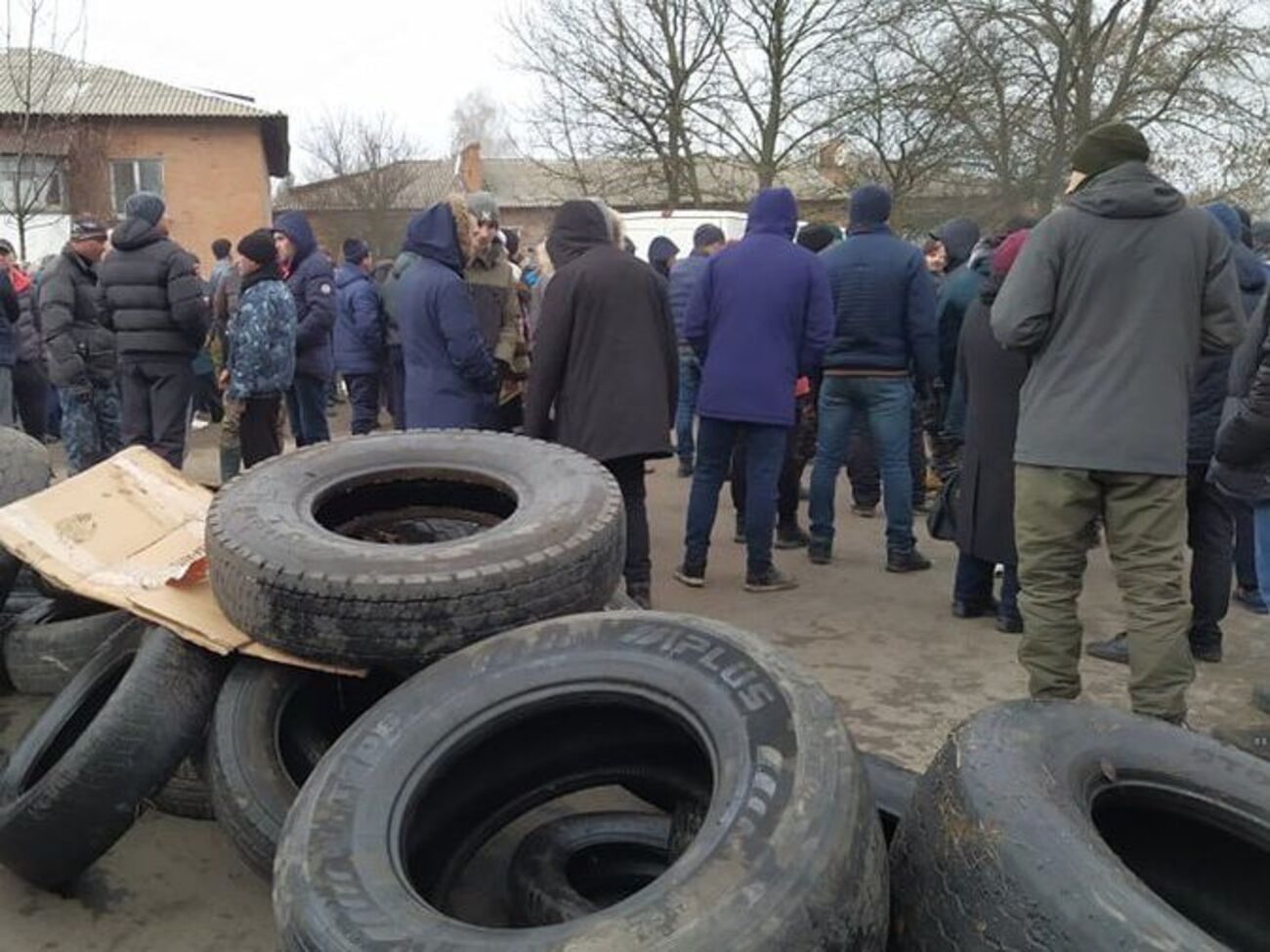 Люди принесли на мітинг шини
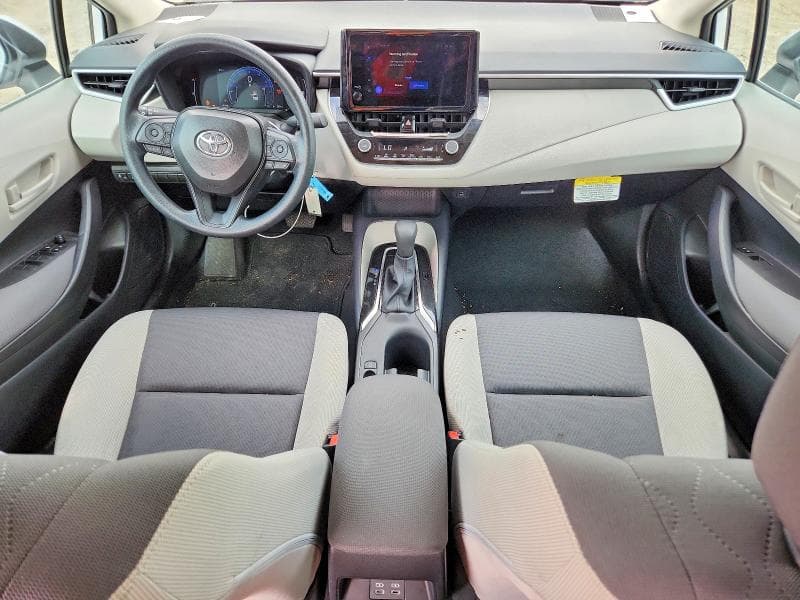 2026 TOYOTA COROLLA LE 8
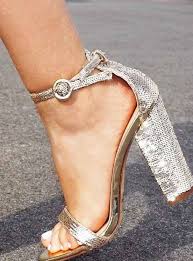 Balo Icin Gumus Ayakkabi Modelleri 2019 Trendler Ve Moda Prom Promshoes Promshoes2019 Prom2019 Mezuniyet Balosu Ayakkabilari Bayan Ayakkabi Topuklular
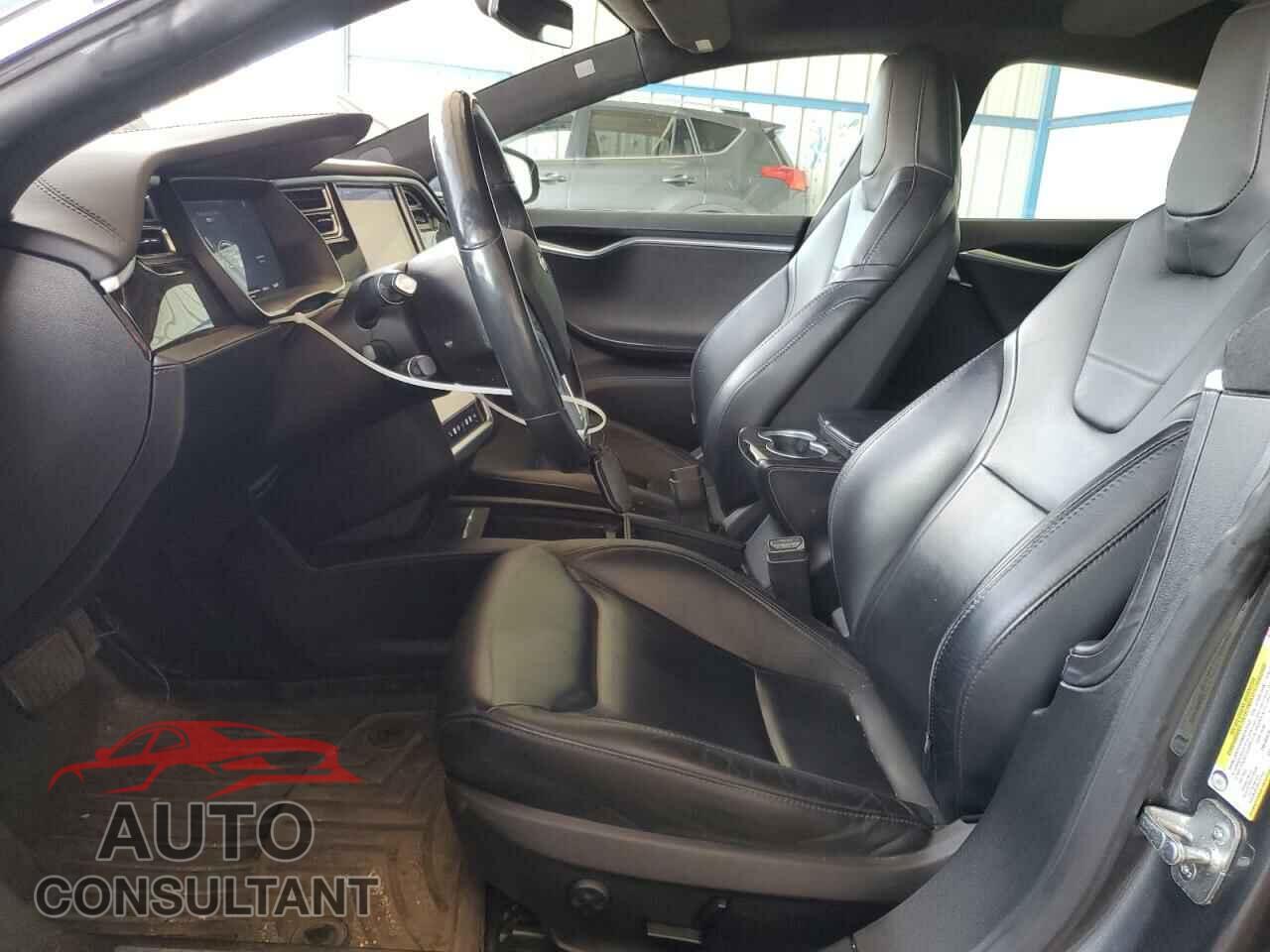 TESLA MODEL S 2016 - 5YJSA1E2XGF152434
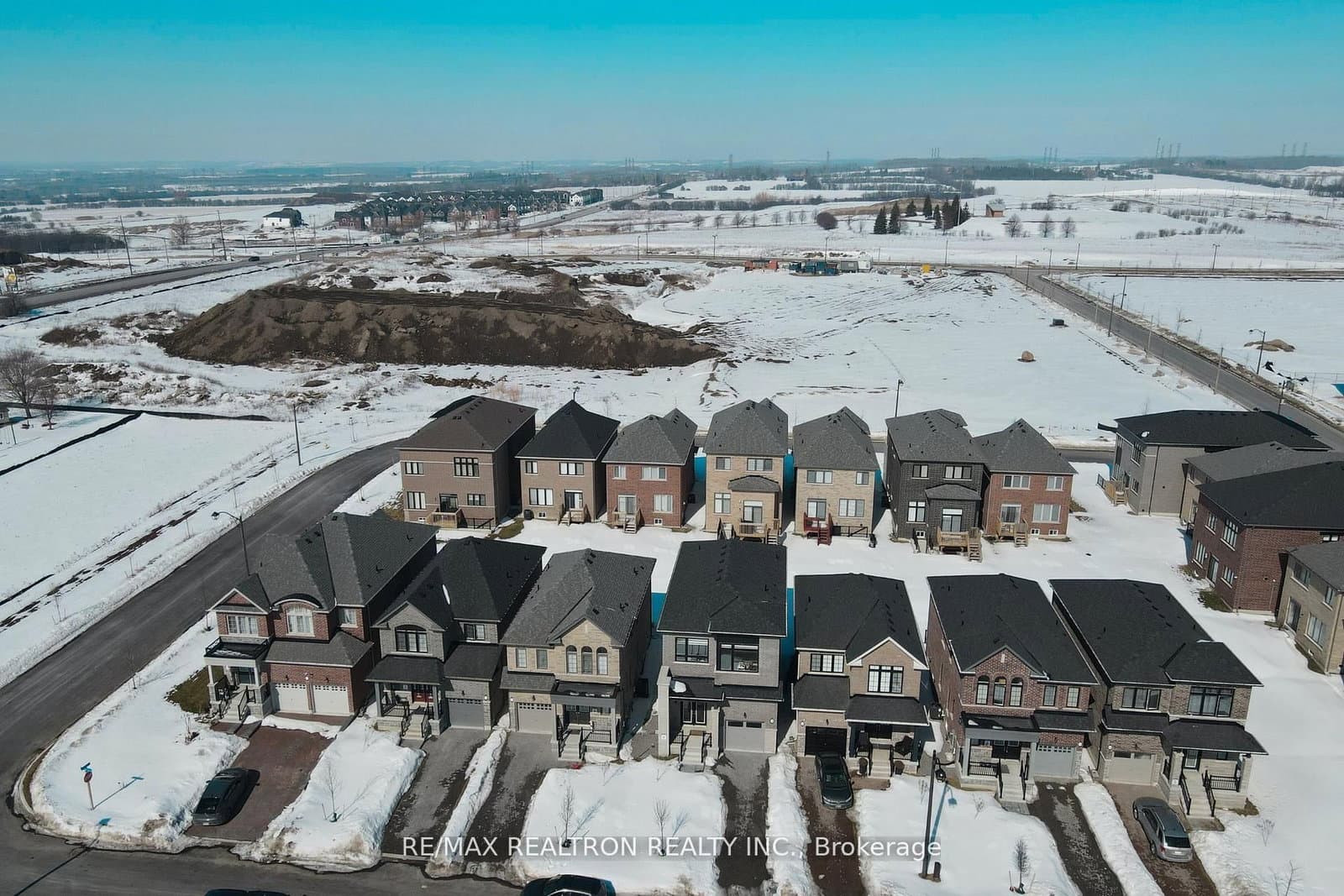 1136 Wilmington Avenue, Oshawa, ON — photo 2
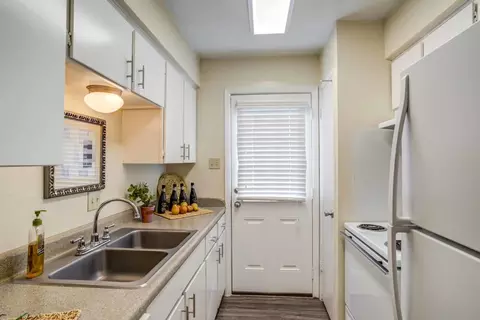 3902 E 29th St #A7, Bryan, TX 77802 photo 5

**Required work**
The data above should be restated exactly, with its images dropped.

**Result of the task**
 Люди принесли на мітинг шини
 2026 TOYOTA COROLLA LE 8
 Balo Icin Gumus Ayakkabi Modelleri 2019 Trendler Ve Moda Prom Promshoes Promshoes2019 Prom2019 Mezuniyet Balosu Ayakkabilari Bayan Ayakkabi Topuklular
 TESLA MODEL S 2016 - 5YJSA1E2XGF152434
 1136 Wilmington Avenue, Oshawa, ON — photo 2
 3902 E 29th St #A7, Bryan, TX 77802 photo 5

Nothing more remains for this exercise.